--- START ---
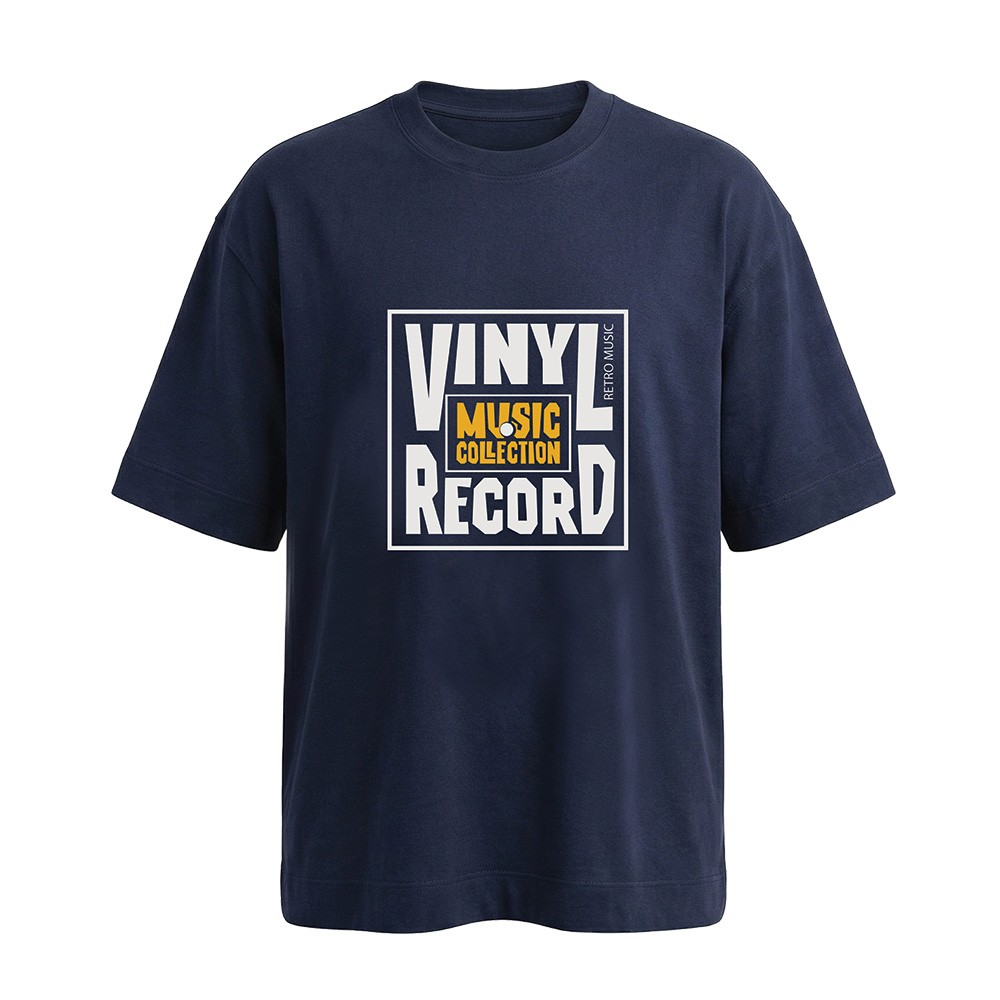 חולצת אוברסייז גברים Vinyl record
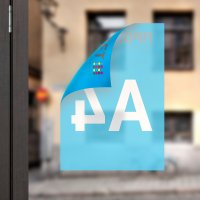 Наклейка А4 с клейкой лицевой стороной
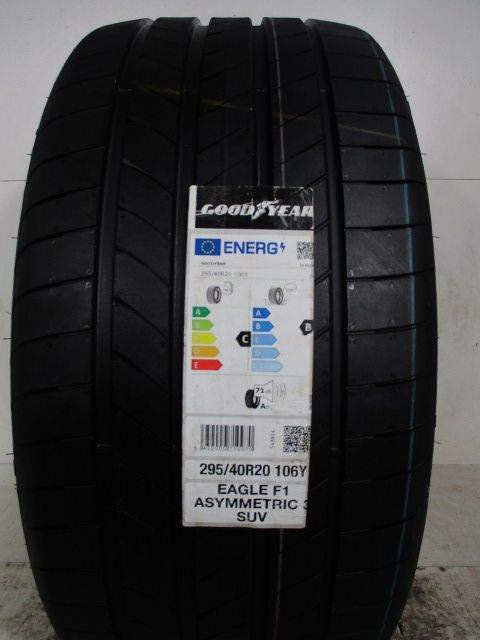 G236 1X 295/40/20 106Y GOODYEAR EAGLE F1 ASYMMETRIC 3 SUV N0 1X NEW TYRE DOT 2123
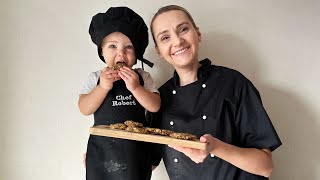 Baby Chef Prepared Delicious Cookies with Mommy! Cutest Ever!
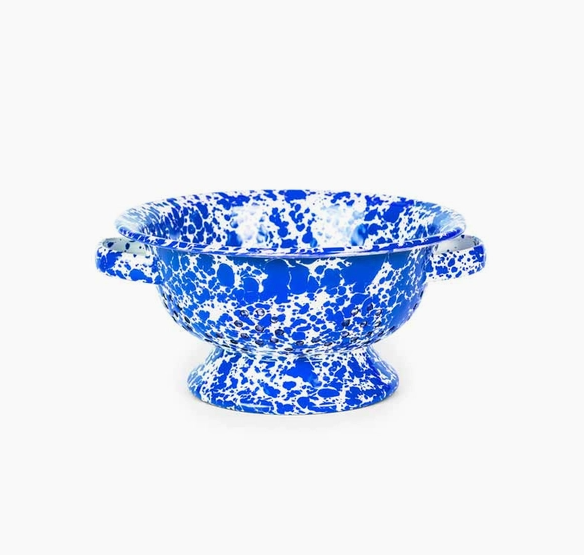 Splatterware Enamel Colander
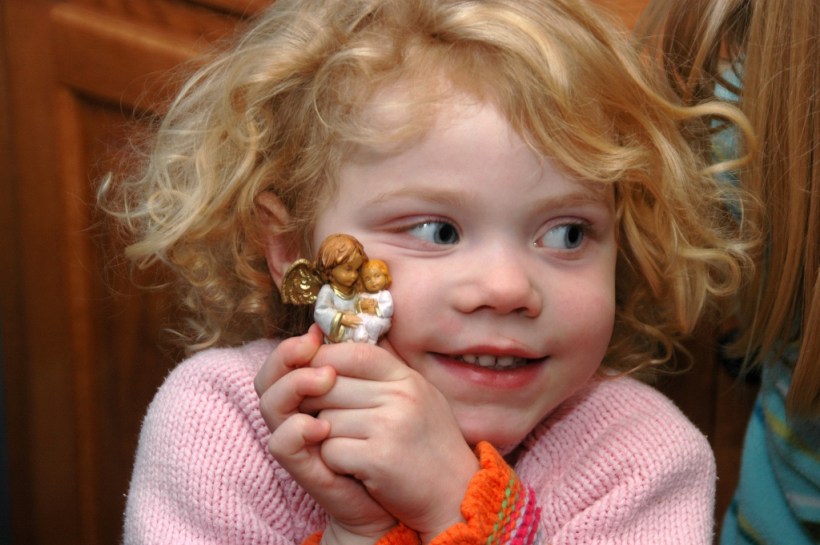 Laurel with her special angel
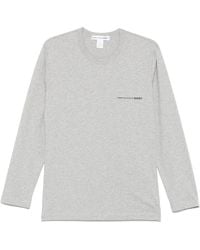 Comme des Garçons - T-Shirt Mit Logo-Print - Lyst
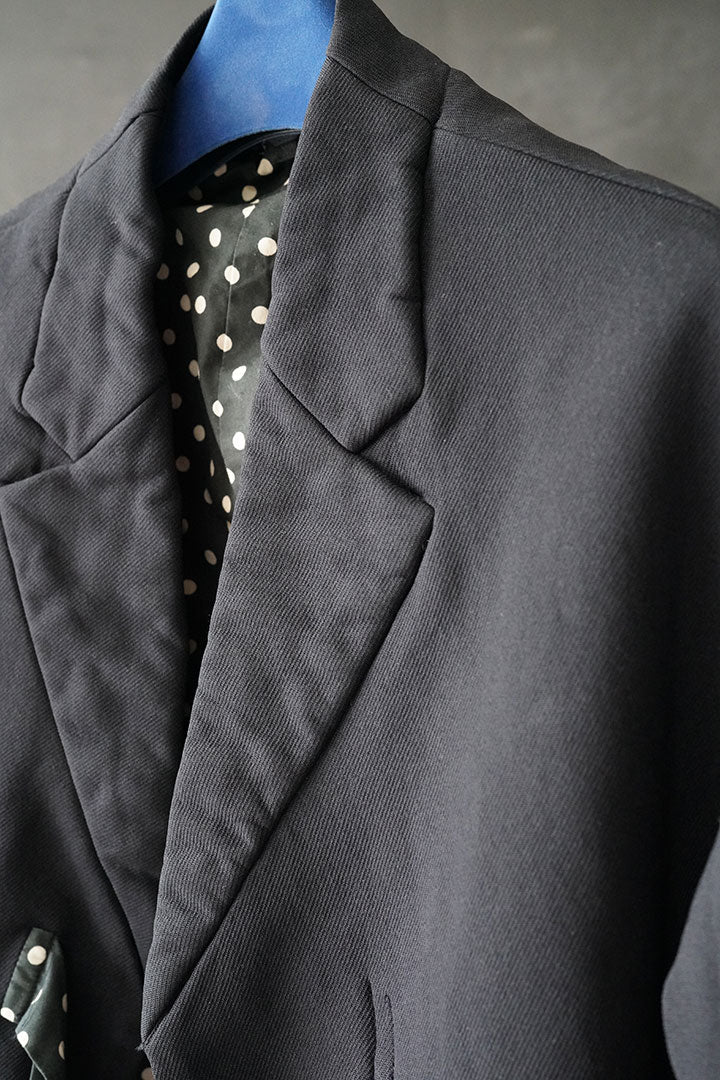 CDG 2D semi long jacket BK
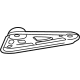 GM 22982755 Rear Support, Driver Side GM 22982755 Rear Support, Driver Side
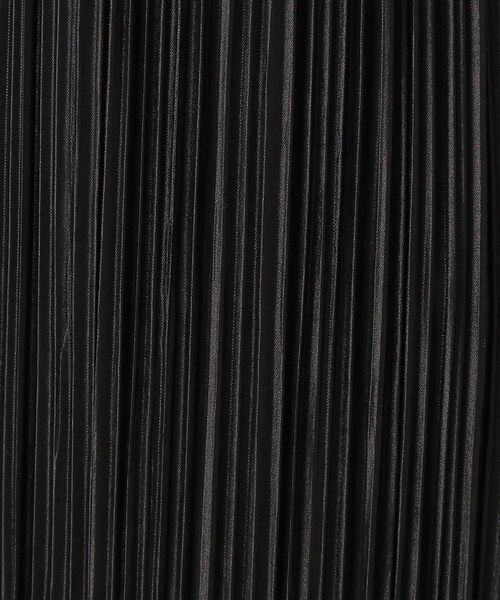 Cutie Blonde（キューティーブロンド）の「◆【無理せずキレイ】華やぐシャイニー感 プリーツナロースカート（スカート・レディース・ブラック/ナチュラル/チャコールグレー・04/03/02）」の8枚目の写真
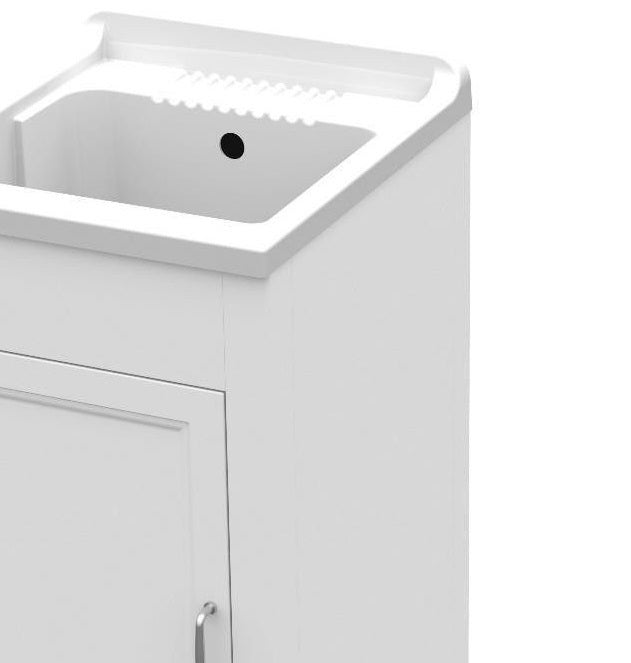 Meuble sous-vasque en résine blanche Mongardi - 7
--- END ---
* [Problem details] Set down the data exactly as it appears, without any images.

* [Finished task]
 חולצת אוברסייז גברים Vinyl record
 Наклейка А4 с клейкой лицевой стороной
 G236 1X 295/40/20 106Y GOODYEAR EAGLE F1 ASYMMETRIC 3 SUV N0 1X NEW TYRE DOT 2123
 Baby Chef Prepared Delicious Cookies with Mommy! Cutest Ever!
 Splatterware Enamel Colander
 Laurel with her special angel
 Comme des Garçons - T-Shirt Mit Logo-Print - Lyst
 CDG 2D semi long jacket BK
 GM 22982755 Rear Support, Driver Side GM 22982755 Rear Support, Driver Side
 Cutie Blonde（キューティーブロンド）の「◆【無理せずキレイ】華やぐシャイニー感 プリーツナロースカート（スカート・レディース・ブラック/ナチュラル/チャコールグレー・04/03/02）」の8枚目の写真
 Meuble sous-vasque en résine blanche Mongardi - 7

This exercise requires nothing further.